Pendant l’occupation allemande, il semble,
d’après Georges Andrien, que Maiglet devienne le chef de la région VIII
(Namur-Gembloux) du Groupe G. Il est reconnu comme résistant armé, ayant
réalisé plusieurs actes de sabotage et, surtout, a cassé sa plume. Au
lendemain de la Libération, Robert Maiglet reprend son métier de journaliste
à La Nouvelle Gazette de Charleroi, où il signe de nombreuses
Cartes blanches, et milite toujours au sein du Mouvement wallon.
À la suite du rejet par la Chambre du projet
fédéraliste inspiré par le Congrès national wallon, Robert Maiglet figure
parmi les membres fondateurs du mouvement Jeune France décidé à lutter
officiellement pour la réunion de la Wallonie à la France (15 juin
1947-1948). Il devient d’ailleurs, petit à petit, rédacteur responsable du
journal Le Coq wallon, dont le sous-titre, Hebdomadaire pour la
défense de la Wallonie française, indique clairement la tendance.
L’adjectif française a d’ailleurs été ajouté au début janvier 1947
lorsque Maiglet fait son entrée dans le comité de rédaction aux côtés de
Jules Chauvier, présent, lui, depuis le début, en 1945. Résolument
“ rattachiste ”, Maiglet le proclame à chaque fois qu’il signe un article.
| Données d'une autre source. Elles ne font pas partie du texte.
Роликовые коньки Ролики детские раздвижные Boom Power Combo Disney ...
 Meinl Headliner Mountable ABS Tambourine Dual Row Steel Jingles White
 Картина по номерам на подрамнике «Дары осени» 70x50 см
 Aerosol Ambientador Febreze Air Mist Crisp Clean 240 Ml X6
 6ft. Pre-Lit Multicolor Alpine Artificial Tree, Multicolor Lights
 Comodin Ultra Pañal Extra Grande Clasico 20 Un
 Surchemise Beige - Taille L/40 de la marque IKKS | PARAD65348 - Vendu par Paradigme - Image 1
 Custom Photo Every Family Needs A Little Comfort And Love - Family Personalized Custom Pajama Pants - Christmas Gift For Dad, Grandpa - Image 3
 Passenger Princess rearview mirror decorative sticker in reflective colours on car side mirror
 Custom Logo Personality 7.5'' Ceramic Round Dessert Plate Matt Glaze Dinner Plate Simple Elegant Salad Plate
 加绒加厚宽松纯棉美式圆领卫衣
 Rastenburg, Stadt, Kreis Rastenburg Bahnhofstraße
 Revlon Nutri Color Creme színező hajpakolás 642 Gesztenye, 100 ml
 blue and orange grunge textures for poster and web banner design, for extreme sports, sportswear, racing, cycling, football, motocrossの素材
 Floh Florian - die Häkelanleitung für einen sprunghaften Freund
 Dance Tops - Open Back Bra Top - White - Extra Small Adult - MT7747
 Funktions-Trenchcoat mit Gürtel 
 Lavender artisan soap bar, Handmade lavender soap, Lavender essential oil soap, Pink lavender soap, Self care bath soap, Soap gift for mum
À
l’origine, organe hennuyer de Wallonie libre, Le Coq wallon devient
de plus en plus celui du Parti d’Unité wallonne et reprend progressivement
la ligne de conduite du Pays noir d’avant-guerre. Sa philosophie est
assez claire : Le principe de notre œuvre n’est pas un principe diviseur
mais un principe unificateur. Notre but n’est pas de diviser la Belgique ;
il est d’agrandir la France. La notion même de Wallonie est à réviser. La
Wallonie telle qu’on la conçoit ordinairement n’existe pas. C’est une
invention de la Belgique. La Belgique comprend, outre les Wallons proprement
dits, des Lorrains et de nombreux Picards. Le seul lien entre ces différents
peuples, c’est la nationalité française (Le Coq wallon, n° 97, 19
avril 1947, p. 2).
Il n’est donc pas étonnant qu’en mars 1947,
le journal fasse l’objet d’une attaque en règle de la part du sénateur
Charles d’Aspremont-Lynden ; le comte considère les rédacteurs du journal
comme des traîtres, des séparatistes à la solde des Français dont ils
reçoivent des subsides. À l’automne 1947, Le Coq wallon disparaît.
Mais Robert Maiglet poursuit sa lutte pour une Wallonie française. Il est
parmi les fondateurs, en juin 1950, du Rassemblement national des
Irrédentistes français de Wallonie qui s’est doté d’un journal, La
Wallonie française dont Robert Maiglet est l’éditeur responsable.